We all use the same Lua adress to inject?

Got a theory about it, that warden guy downloads the bot/hack and looks @ the MD5 and sends the order to detect the MD5 to warden?

----------


## whitekidney

A private bot is more likely not to be added to warden's "hitlist"

and afaik (i masy be wrong) warden ddoesnt detect injections, but what you do after you inject.

----------


## Syltex

> A private bot is more likely not to be added to warden's "hitlist"
> 
> and afaik (i masy be wrong) warden ddoesnt detect injections, but what you do after you inject.


How come mimics and eBot got detected? Wasent it injection?

----------


## -Ryuk-

*




Originally Posted by Syltex




How come mimics and eBot got detected? Wasent it injection?

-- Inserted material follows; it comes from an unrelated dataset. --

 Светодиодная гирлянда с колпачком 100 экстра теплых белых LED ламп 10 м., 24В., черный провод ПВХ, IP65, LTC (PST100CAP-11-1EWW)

They got detected via injecting yes... but, not for injecting the dll - they check for what you do with the dll. They cant ban you because you injected a dll because fraps and many other legit programs do this. That being said, im sure im going to be corrected if im wrong ^^*

----------


## Syltex

> *
> 
> They got detected via injecting yes... but, not for injecting the dll - they check for what you do with the dll. They cant ban you because you injected a dll because fraps and many other legit programs do this. That being said, im sure im going to be corrected if im wrong ^^*


Hm, im using EndSceen hook & injection for Lua, but im only using ASM to inject for lua. 
Isnt that pretty safe then?

----------


## Cheatz0

> Hm, im using EndSceen hook & injection for Lua, but im only using ASM to inject for lua. 
> Isnt that pretty safe then?


Am i wrong in assuming that you are using the ahook dll? If so, that is pretty public and would be quite easy to detect. If not, you should be relatively safe with only hooking endscene, and not modifying/patching other parts of memory.

----------


## -Ryuk-

*




Originally Posted by Syltex




Hm, im using EndSceen hook & injection for Lua, but im only using ASM to inject for lua. 
Isnt that pretty safe then?


Private hook? or using a public one like EasyHook/aHook?

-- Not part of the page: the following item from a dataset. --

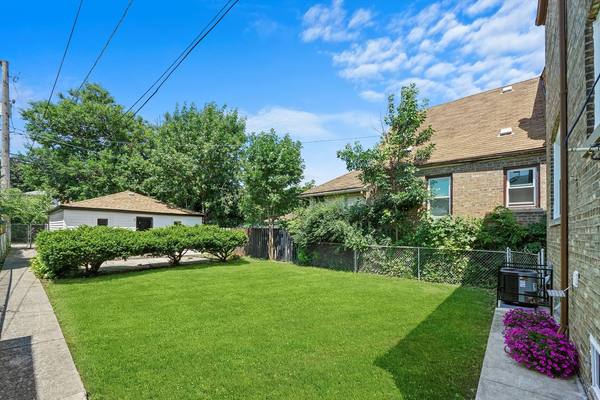 Rear elevation, masonry and fence line rebuilt. The housing stock in South Shore is mostly brick two-flats.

If is private; have fun, do you you like. Just beware if a public one is using the same method you can still get banned. if its a public one, I think you need to get working on your own*

----------


## Syltex

> *
> 
> Private hook? or using a public one like EasyHook/aHook?
> 
> If is private; have fun, do you you like. Just beware if a public one is using the same method you can still get banned. if its a public one, I think you need to get working on your own*


Im using a hook/injection made by (cant remeber his name, but he posted in the mem section)

This will inject(lua) hook (endsceen)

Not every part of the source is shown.